Accessioning objects

Accessioning is the process that formally registers an object into the Museum's permanent collection. The allocation of a unique number and recording of source and identification details establishes its identity and ownership as well as the Museum's accountability for the object. During the year, the Museum accessioned 16 collections, comprising a total of 722 objects. Such collections included the Cecil Ballard Jnr collection of royal memorabilia, which featured in the Museum's exhibition Royal Romance, from 26 February to 31 October.

Photo of Ian Cramer
Registration officer Ian Cramer manoeuvres the Hong Hai into its new storage location. Photo: George Serras.

Deaccessioning objects

In January 2004 ownership of the Gu:na:ni shield from the collection of anthropologist Dr Ursula McConnel was transferred from the Museum to the Australian Institute of Aboriginal and Torres Strait Islander Studies (AIATSIS). The shield was made at Yarrabah, northern Queensland in the 1930s and had come into the Museum's collection in the early 1980s via the Sydney University collection stored as part of the National Ethnographic collection at the Australian Institute of Anatomy. The shield had been on long-term loan to AIATSIS since its inception in the 1960s, when its design had been used as the original Australian Institute of Aboriginal Studies (now AIATSIS) logo.

Storing objects

Although 50 per cent of the NHC is available for exhibition, public programs and research, fewer than four per cent of the objects are on display at any one time. The rest are mostly stored at the Museum's repositories in the northern Canberra suburb of Mitchell. During 2003-2004, work continued to maximise the storage available and to improve conditions for important collection objects, such as the hull of the Museum's Vietnamese refugee boat Hong Hai. Further moves planned for next financial year will re-unite the Hong Hai with its wheelhouse and make them accessible for public viewing.

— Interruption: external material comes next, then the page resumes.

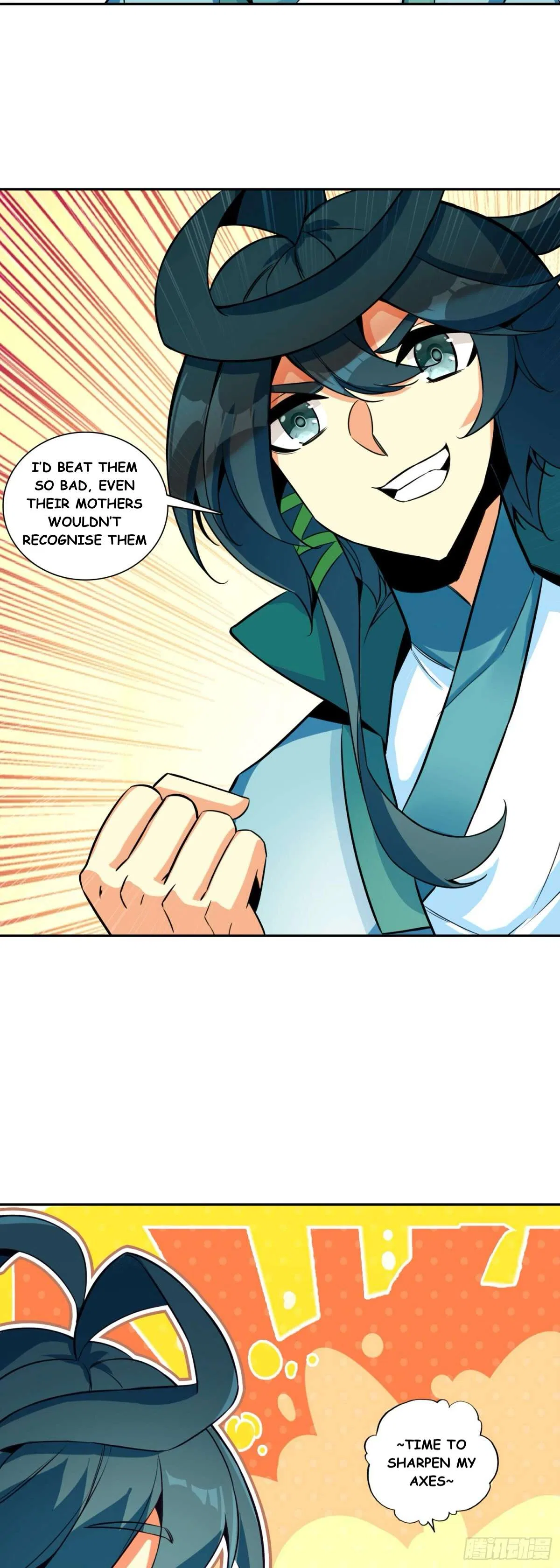 Heavenly Jewel Change Chapter 118 – Page 3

An ongoing project to relocate bark paintings and other ethnographic material from a temporary repository to the main repository is due to be completed next financial year. This, along with other internal storage projects, will improve the use of space at the main repository.

At the Museum's Acton site, the South Back of House facilities were upgraded to improve short-term storage, security and maintenance facilities for objects being prepared for exhibition.

Documenting objects

Improving documentation of the collections, and therefore making information about them more readily available, continued to be a priority during the year. Some 3800 records were added to the object records database, bringing the total number of records on this system to 68,800. The Museum has, in the past, operated a number of databases with collections-related information. During the year, data from such systems was transferred into the main object records database. This in turn was prepared for transfer into a new integrated collections and exhibitions information management system. The system, referred to as Opal, will centralise all electronic records of the Museum's collections and exhibitions, including object records, research reports, curatorial assessments, publications, website text, and digital assets such as images, audio interviews, film footage and other multimedia. Opal is due to be implemented within the Museum in early 2004-2005.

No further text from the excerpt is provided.